→ EXERCISE DIRECTIONS: Return only the lines running from the top of the entries to the line with "living room with wood", inclusive, exactly as written.

Stored items from a collection:
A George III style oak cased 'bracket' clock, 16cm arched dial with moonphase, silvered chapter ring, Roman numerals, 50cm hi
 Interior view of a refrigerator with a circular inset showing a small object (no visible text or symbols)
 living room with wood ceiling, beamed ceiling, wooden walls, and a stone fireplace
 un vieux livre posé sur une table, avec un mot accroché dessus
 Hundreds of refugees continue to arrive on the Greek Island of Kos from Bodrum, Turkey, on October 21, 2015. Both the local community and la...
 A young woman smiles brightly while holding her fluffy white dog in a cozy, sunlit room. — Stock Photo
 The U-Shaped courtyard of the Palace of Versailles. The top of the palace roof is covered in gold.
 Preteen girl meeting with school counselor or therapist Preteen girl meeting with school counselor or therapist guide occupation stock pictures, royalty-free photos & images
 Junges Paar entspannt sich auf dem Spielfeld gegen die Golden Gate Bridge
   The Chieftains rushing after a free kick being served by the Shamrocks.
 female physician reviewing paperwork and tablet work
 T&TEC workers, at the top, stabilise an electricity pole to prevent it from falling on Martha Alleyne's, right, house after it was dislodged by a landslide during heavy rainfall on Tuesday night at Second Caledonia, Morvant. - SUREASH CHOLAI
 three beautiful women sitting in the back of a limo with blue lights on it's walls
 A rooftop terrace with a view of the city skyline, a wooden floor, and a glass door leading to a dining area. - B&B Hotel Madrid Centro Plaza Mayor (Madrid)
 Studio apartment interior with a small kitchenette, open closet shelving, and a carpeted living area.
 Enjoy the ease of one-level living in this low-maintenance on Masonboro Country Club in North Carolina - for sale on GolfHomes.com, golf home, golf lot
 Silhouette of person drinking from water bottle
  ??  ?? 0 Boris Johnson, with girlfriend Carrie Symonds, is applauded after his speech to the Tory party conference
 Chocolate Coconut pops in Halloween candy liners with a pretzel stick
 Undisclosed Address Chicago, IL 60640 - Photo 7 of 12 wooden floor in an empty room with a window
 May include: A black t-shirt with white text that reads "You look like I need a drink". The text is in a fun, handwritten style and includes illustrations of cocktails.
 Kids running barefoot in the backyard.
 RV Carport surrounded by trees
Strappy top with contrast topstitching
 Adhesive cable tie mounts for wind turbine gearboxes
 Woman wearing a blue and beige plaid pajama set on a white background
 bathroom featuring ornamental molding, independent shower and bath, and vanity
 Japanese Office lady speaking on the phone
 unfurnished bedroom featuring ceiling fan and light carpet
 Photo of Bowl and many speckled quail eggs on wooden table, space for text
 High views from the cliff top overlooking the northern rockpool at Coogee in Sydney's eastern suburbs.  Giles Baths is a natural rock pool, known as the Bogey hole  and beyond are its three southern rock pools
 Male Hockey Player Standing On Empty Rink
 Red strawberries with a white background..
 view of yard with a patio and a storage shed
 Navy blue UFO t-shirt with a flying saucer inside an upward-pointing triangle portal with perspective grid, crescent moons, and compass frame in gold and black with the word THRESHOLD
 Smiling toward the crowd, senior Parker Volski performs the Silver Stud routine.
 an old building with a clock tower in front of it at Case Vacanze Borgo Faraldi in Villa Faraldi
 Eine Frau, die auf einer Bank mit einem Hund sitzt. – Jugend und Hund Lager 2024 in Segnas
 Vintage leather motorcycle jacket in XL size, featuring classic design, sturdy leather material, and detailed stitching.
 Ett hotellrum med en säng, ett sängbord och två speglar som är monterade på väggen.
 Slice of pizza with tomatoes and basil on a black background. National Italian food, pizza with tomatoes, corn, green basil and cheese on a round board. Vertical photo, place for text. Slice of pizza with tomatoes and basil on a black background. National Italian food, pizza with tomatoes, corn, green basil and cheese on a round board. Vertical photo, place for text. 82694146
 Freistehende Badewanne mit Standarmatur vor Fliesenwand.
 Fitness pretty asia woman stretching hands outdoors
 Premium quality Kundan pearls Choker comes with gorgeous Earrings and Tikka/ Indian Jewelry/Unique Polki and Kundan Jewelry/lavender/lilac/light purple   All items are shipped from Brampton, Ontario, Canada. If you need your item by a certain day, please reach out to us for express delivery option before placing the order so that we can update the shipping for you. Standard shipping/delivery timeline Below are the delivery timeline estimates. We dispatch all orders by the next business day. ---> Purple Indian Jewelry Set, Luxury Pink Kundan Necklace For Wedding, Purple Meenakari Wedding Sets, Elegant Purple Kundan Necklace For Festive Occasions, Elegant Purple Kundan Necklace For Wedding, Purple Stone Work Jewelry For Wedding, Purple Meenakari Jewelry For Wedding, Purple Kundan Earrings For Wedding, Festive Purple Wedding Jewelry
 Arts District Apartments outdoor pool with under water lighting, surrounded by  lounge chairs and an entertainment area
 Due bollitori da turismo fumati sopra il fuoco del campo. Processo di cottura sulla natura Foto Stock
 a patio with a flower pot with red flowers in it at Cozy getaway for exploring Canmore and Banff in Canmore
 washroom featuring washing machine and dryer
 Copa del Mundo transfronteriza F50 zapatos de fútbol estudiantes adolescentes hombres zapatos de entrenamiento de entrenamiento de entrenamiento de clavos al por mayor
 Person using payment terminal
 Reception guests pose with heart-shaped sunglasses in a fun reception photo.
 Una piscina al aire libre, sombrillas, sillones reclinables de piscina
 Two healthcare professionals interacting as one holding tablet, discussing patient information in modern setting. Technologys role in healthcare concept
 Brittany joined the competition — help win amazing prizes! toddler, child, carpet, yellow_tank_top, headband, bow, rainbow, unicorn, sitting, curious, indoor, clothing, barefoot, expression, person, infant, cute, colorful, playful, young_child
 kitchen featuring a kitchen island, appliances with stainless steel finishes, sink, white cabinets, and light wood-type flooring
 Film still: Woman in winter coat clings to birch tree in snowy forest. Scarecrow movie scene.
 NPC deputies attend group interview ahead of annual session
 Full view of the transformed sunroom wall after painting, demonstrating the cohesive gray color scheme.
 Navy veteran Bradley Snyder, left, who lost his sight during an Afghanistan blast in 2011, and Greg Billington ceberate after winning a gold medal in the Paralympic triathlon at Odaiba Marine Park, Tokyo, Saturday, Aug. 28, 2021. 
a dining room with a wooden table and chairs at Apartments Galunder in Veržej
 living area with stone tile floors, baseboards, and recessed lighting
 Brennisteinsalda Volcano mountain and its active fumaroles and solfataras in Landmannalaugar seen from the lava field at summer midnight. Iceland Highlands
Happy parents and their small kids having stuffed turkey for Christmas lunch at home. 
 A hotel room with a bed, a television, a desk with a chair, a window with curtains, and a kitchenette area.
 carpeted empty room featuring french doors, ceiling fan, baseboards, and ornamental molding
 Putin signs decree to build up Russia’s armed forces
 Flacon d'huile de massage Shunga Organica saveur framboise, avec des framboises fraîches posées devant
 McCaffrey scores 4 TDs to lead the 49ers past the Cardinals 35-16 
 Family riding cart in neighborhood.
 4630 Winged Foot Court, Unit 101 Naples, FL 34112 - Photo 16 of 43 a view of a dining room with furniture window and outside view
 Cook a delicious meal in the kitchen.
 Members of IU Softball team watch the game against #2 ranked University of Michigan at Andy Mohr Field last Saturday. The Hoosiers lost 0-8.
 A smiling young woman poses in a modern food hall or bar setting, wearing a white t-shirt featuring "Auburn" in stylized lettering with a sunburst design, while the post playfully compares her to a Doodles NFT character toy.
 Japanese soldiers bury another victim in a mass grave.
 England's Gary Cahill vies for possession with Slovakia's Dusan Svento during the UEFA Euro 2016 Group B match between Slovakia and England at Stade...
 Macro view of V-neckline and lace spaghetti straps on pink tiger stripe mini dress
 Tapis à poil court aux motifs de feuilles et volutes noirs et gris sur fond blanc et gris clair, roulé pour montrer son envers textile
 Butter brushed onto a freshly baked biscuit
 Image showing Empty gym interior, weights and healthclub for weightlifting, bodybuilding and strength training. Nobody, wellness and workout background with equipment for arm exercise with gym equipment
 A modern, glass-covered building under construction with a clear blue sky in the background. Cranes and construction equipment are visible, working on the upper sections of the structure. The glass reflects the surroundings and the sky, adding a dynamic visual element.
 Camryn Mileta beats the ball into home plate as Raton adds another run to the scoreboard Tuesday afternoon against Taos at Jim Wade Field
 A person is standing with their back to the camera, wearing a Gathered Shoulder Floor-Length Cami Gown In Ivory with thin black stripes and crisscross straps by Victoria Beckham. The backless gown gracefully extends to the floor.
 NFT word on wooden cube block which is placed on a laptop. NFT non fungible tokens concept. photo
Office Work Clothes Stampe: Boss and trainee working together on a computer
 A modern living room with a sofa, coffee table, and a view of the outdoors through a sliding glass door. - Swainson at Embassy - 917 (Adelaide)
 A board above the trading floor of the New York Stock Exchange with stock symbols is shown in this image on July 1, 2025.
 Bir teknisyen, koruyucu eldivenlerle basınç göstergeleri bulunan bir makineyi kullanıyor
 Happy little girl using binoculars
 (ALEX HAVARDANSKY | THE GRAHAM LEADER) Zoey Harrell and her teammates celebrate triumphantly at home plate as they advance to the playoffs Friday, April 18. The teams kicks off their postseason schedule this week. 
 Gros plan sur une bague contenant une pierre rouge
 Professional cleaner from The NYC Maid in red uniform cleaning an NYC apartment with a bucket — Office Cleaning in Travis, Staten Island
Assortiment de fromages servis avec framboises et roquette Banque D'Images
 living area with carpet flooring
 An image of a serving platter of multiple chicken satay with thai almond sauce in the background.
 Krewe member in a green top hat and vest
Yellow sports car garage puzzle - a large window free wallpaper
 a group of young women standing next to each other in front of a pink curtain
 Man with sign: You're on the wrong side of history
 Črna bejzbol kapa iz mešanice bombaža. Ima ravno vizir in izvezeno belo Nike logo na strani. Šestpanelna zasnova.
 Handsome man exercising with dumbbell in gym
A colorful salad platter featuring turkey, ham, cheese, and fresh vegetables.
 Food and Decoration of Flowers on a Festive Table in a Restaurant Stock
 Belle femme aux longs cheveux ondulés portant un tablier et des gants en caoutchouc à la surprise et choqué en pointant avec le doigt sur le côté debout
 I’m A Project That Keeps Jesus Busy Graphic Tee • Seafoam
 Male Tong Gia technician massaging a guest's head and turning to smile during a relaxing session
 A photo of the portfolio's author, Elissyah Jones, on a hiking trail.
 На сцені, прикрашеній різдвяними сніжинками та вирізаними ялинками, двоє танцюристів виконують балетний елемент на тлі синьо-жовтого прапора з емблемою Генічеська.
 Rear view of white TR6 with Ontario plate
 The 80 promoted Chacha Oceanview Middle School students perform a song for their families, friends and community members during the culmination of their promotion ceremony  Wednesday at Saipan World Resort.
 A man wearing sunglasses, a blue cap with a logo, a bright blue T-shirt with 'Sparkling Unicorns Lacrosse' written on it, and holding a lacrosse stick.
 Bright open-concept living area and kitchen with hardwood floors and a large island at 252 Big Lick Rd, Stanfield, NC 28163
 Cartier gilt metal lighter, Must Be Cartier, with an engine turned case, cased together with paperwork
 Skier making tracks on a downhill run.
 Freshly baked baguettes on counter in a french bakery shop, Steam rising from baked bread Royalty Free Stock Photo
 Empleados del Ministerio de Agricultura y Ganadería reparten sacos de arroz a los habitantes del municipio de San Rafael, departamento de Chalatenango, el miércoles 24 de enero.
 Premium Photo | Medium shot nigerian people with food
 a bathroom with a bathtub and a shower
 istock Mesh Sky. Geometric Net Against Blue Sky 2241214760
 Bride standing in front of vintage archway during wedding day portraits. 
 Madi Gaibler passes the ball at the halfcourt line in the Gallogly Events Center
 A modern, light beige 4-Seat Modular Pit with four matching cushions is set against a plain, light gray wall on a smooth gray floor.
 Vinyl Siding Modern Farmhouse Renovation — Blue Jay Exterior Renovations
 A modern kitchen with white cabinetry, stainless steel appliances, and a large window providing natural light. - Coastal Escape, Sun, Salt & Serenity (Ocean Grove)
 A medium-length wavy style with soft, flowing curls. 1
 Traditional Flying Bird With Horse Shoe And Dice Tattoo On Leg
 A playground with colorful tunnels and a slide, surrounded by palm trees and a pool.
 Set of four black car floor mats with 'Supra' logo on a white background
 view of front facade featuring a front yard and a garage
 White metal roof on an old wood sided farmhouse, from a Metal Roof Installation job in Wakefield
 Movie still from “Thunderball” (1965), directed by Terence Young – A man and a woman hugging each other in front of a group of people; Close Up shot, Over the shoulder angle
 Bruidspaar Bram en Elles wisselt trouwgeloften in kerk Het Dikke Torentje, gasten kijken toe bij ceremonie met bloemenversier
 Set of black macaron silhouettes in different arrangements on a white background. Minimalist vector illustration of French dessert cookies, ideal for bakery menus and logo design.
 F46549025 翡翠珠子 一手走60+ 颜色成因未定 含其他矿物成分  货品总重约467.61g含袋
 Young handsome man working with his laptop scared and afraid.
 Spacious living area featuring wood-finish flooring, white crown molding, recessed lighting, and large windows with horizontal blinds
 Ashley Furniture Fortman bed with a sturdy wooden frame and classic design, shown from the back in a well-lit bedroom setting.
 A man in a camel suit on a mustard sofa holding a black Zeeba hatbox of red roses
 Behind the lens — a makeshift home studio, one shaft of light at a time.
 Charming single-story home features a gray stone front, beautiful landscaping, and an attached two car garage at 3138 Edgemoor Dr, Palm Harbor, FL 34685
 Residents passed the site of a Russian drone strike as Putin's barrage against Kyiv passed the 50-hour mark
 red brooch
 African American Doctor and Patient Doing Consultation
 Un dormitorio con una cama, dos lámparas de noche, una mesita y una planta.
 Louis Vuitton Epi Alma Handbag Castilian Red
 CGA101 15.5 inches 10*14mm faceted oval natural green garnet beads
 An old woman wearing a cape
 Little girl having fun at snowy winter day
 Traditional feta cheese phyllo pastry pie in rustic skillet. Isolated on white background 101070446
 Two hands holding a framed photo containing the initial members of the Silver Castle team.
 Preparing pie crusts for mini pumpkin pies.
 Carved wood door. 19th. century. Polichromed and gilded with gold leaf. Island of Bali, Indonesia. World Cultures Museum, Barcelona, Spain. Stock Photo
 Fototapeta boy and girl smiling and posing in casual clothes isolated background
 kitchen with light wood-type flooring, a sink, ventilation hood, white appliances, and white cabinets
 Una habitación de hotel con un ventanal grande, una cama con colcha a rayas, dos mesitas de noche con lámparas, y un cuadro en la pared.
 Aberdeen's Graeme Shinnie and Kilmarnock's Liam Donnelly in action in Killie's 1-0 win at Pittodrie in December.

→ YOUR SOLUTION:
A George III style oak cased 'bracket' clock, 16cm arched dial with moonphase, silvered chapter ring, Roman numerals, 50cm hi
 Interior view of a refrigerator with a circular inset showing a small object (no visible text or symbols)
 living room with wood ceiling, beamed ceiling, wooden walls, and a stone fireplace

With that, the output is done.